Information supplied:
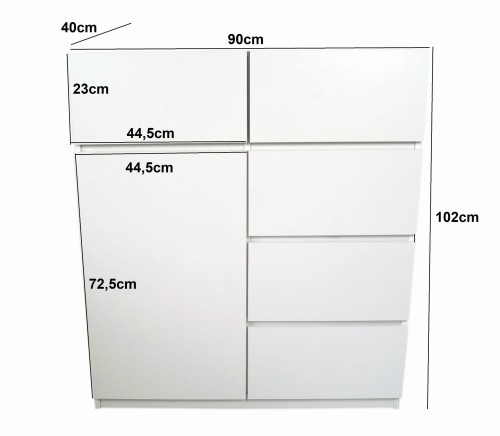 komoda oliwa wymiar.jpg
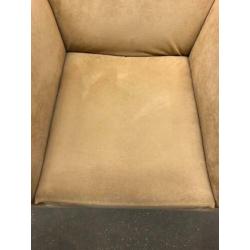 4800 Gelderland fauteuil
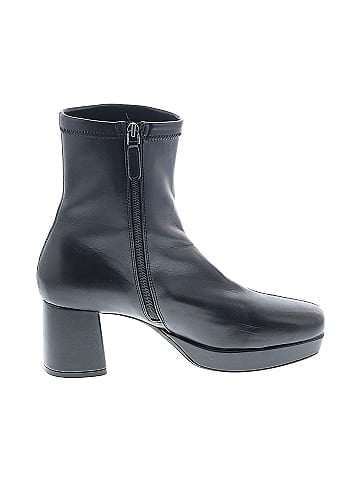 Aerosoles Boots (view 1)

Assignment:
Transcribe the listing exactly; omit all images.

Exercise result:
 komoda oliwa wymiar.jpg
 4800 Gelderland fauteuil
 Aerosoles Boots (view 1)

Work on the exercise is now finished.